WHAT THE EXERCISE ASKS: Retype exactly what appears below from the line containing "Lampe Globe en" down to the line containing "Alt view image", keeping both end lines. Do not include pictures.

MATERIAL TO PROCESS:
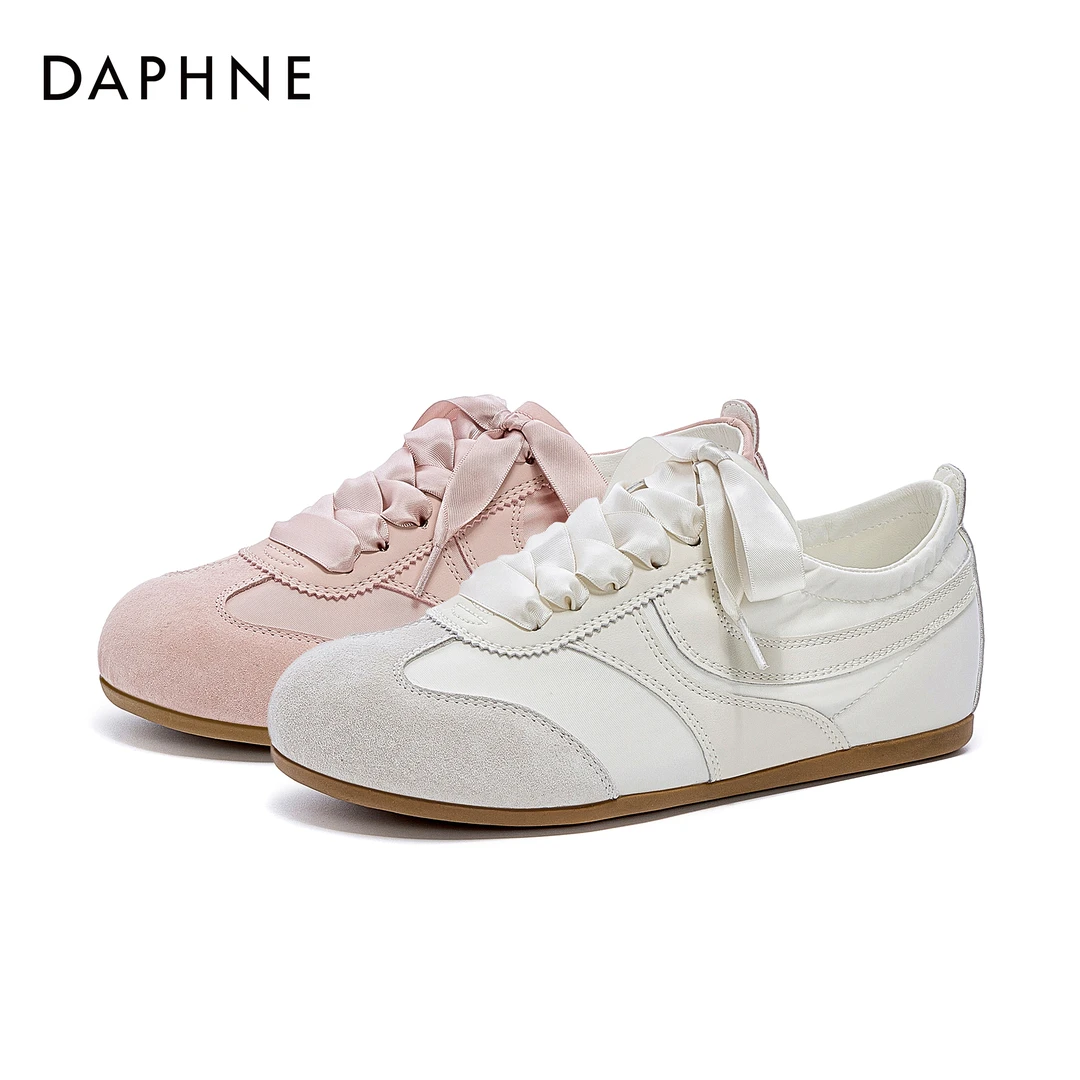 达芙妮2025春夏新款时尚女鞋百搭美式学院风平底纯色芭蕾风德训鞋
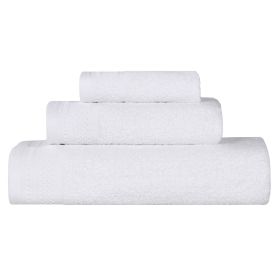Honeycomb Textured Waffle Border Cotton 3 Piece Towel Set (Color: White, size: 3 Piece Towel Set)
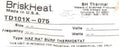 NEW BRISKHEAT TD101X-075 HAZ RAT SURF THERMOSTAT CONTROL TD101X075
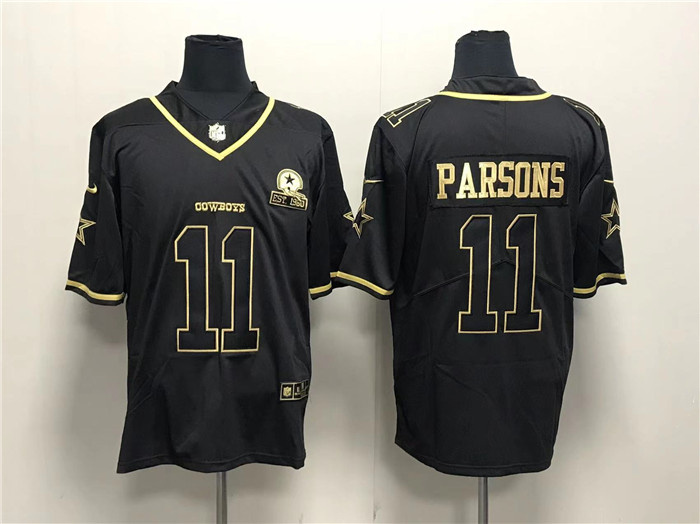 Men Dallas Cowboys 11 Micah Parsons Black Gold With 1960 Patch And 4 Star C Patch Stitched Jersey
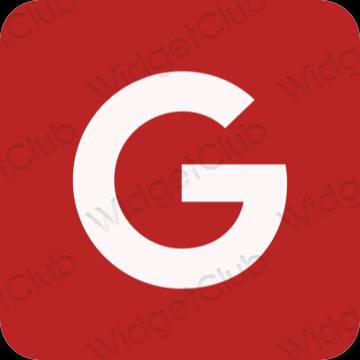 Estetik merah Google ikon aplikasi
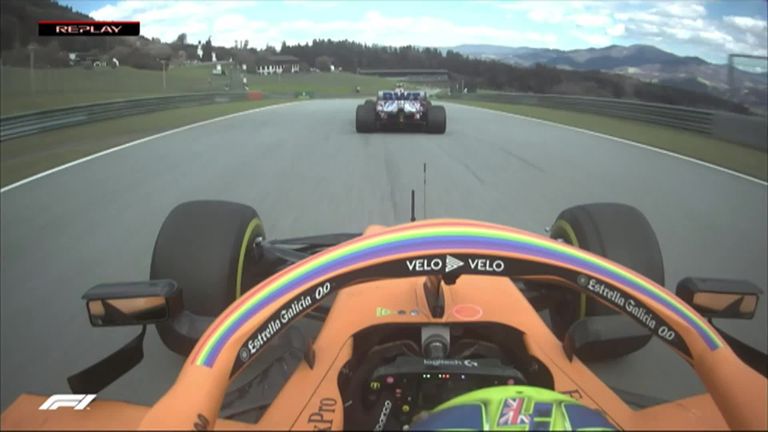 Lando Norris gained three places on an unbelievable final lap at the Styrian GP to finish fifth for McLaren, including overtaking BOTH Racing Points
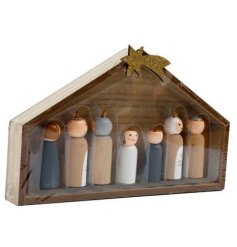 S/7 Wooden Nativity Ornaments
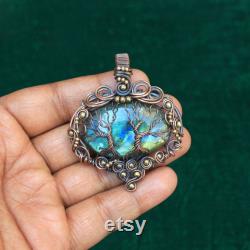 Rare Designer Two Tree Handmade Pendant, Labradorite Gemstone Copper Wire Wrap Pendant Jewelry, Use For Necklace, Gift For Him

* * *

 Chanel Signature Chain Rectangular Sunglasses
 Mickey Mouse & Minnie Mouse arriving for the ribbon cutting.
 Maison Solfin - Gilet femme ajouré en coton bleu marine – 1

==

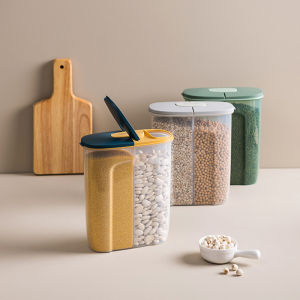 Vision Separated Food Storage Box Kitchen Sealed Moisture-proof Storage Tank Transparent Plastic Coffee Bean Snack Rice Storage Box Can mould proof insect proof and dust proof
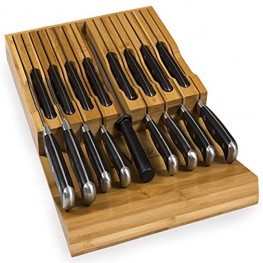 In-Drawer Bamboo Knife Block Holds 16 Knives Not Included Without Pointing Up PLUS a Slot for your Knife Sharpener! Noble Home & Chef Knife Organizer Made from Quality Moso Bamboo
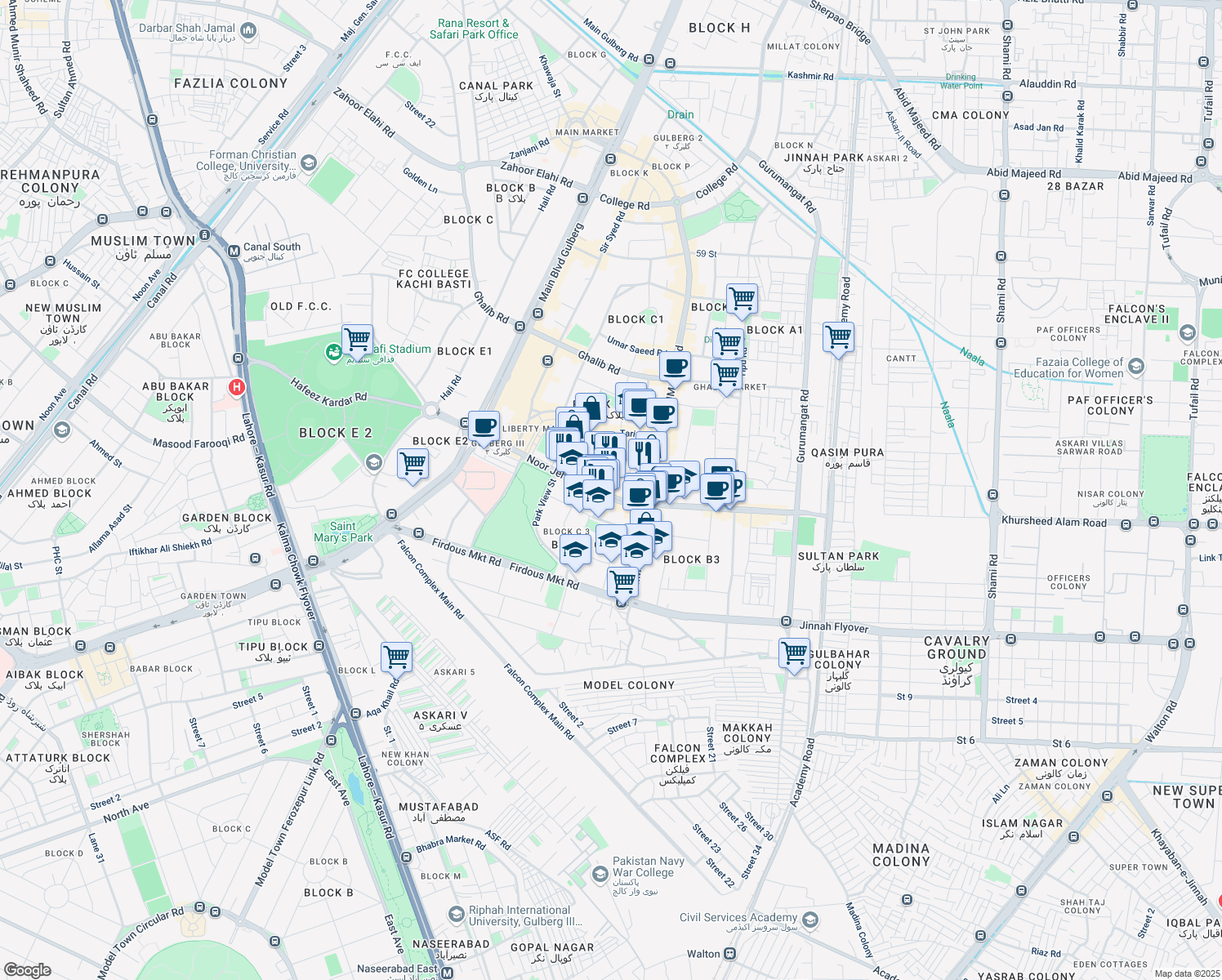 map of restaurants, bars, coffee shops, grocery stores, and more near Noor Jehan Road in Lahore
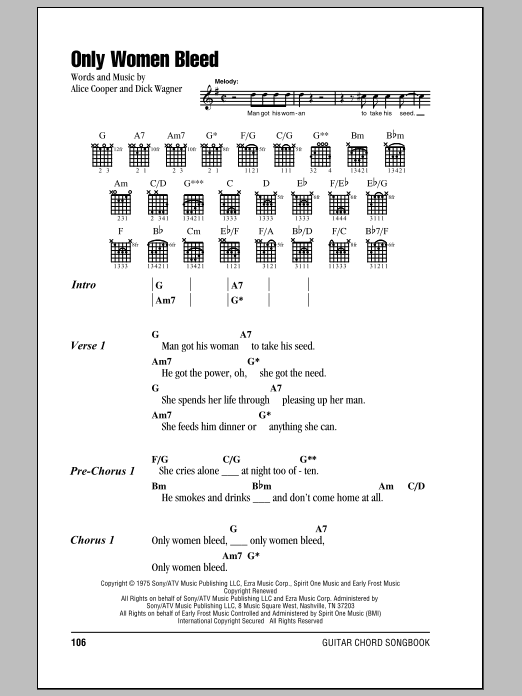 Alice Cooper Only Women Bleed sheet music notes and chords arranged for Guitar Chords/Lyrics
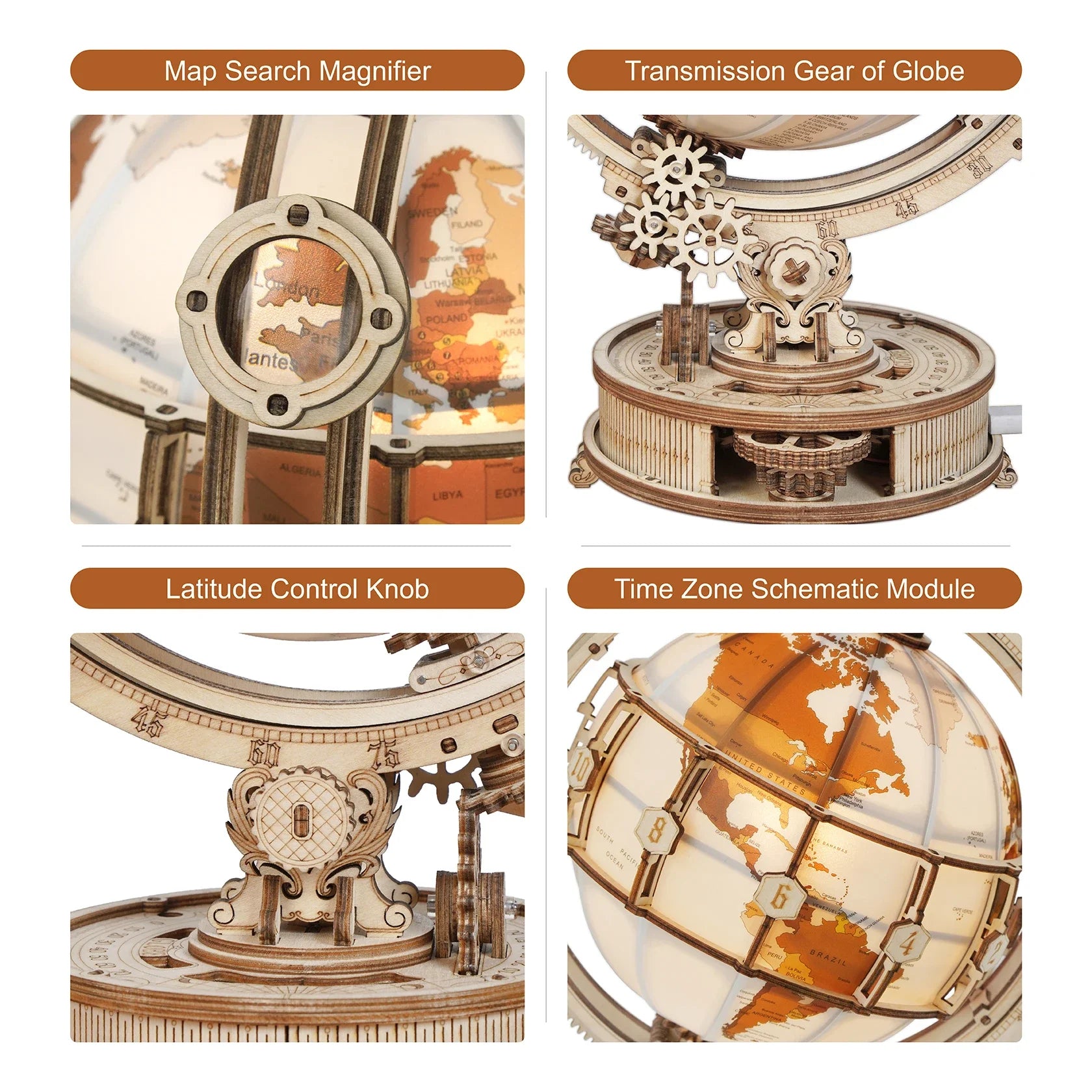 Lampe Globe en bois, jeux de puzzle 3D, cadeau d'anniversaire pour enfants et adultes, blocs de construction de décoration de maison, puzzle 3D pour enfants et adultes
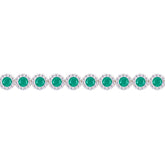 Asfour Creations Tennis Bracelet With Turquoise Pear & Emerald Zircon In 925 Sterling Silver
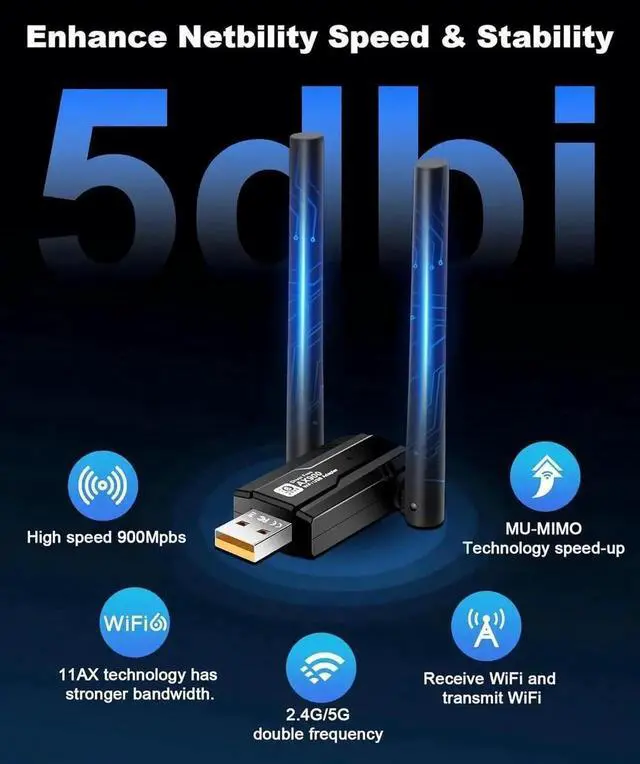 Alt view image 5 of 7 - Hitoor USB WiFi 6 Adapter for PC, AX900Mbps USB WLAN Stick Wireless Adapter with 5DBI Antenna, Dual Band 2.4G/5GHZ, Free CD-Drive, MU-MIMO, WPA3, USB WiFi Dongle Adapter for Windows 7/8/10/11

RESPONSE TO THIS EXERCISE:
 Lampe Globe en bois, jeux de puzzle 3D, cadeau d'anniversaire pour enfants et adultes, blocs de construction de décoration de maison, puzzle 3D pour enfants et adultes
 Asfour Creations Tennis Bracelet With Turquoise Pear & Emerald Zircon In 925 Sterling Silver
 Alt view image 5 of 7 - Hitoor USB WiFi 6 Adapter for PC, AX900Mbps USB WLAN Stick Wireless Adapter with 5DBI Antenna, Dual Band 2.4G/5GHZ, Free CD-Drive, MU-MIMO, WPA3, USB WiFi Dongle Adapter for Windows 7/8/10/11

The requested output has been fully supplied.